Personal bankruptcies are being filed at a rate 25 percent higher than in 1995, and if the current rate is maintained, the absolute numbers, estimated at 1.1 million, will surpass the record of 900,000 set in 1992. The situation surprised the New York Times (August 26, 1996) because normally high bankruptcy rates occur during recessions. We are in the fifth year of economic recovery, however, according to the experts. The problem, therefore, must be due to greed and personal irresponsibility. Banks are offering credit cards to people who would not have qualified in the past and, anyhow, the American people no longer feel that bankruptcy is a disgrace. Tom, a practical nurse from Cambridge Springs, Pennsylvania, said of his Chapter 7 bankruptcy, “I don’t look at it as a cop-out. I’m just taking advantage of one of the opportunities the Government offers.” He relieved his guilty conscience by referring to the bankruptcy declared by Rockefeller Center. We Americans are so irresponsible. It is hard to see why the Times puts up with us. (It was a Japanese consortium that owned Rockefeller Center, but let that pass.)
Other explanations lie near to hand.
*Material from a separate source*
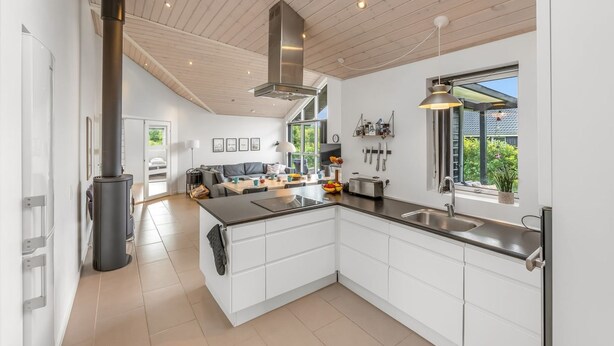 A modern kitchen with white cabinets, a large island, and a built-in stove. - "Smilla" - 1.1km from the sea by Interhome (Hals)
For one thing, we no longer measure prosperity by the Cross National Product, but by the new Gross Domestic Product, which, inter alia, counts as American prosperity profits made in the United States by foreign firms, for example on television sets or VCRs.
A study issued by Visa International seems to show a striking difference from earlier periods. In 1991 nearly half the bankruptcies were attributed to “job problems.” Now 15 percent are attributed to “unemployment” while 29 percent are filers who are “overextended.” Irresponsible Americans again! Lawyer Alan A. Aaron of Midland, Texas, describes the vast majority of recent personal bankruptcies as “a husband and wife working where everything seems to be going the right way, except they have more money going out than coming in.” Mr. Micawber, call your office! Other observers have a different view. “Downsizing is the current theme here,” says Jonathan Kohn of Newark. Ms. Jeannie Seeliger of Jersey City told the Times, “We have people who have lost jobs in banking, on Wall Street, you name it, every field I can think of, and it has a ripple effect.”
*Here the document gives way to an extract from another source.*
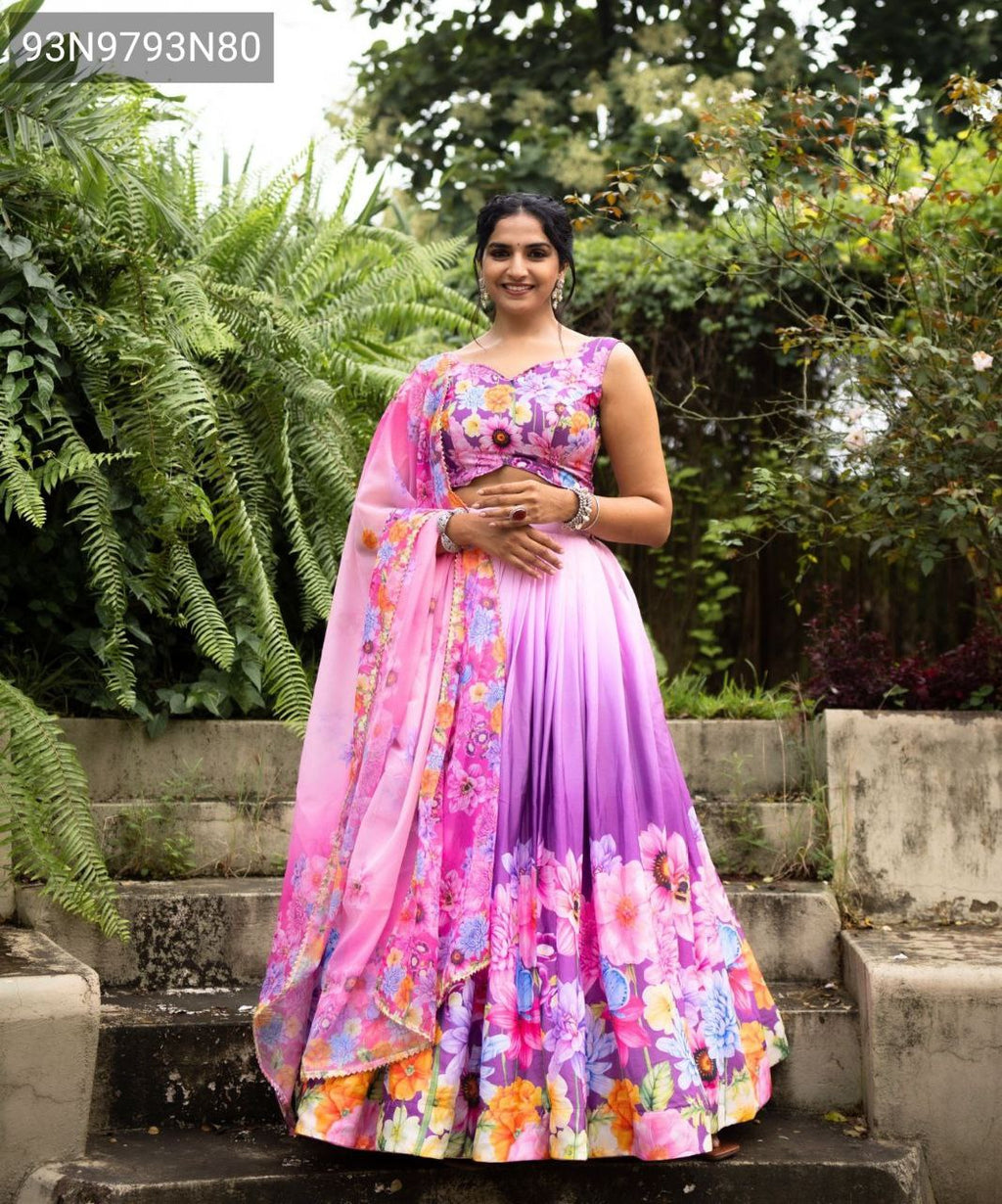 TRENDBUY model in vibrant floral printed Chinon lehenga set, posing elegantly in a lush garden setting.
The role of downsizing in the current bankruptcy crisis is disguised by the flexibility of the United States economy. A recent government study, reported in the Times on August 23, discovered 8.4 million people pushed out of their jobs involuntarily from 1993-1995. Most of them found new jobs, but only a third were paid their old salary or better. You and your wife are both working, a situation historically true of economically precarious times. One of you is downsized and has to take a job at a considerable cut in pay. There is no comparable cut in your continuing expenses, which may include a mortgage, and the cost of college or private school. For many families the choice is between a life reduced to the level of the Victorian shabby-genteel, or borrowing. Consumer debt is growing at the rate of nine percent, with a current total of $1.2 trillion, $350 billion of which is on credit cards. Visa International estimates that one out of every 100 households will declare bankruptcy this year, with a debt averaging 5.3 times its annual income, as opposed to 3.5 in 1988.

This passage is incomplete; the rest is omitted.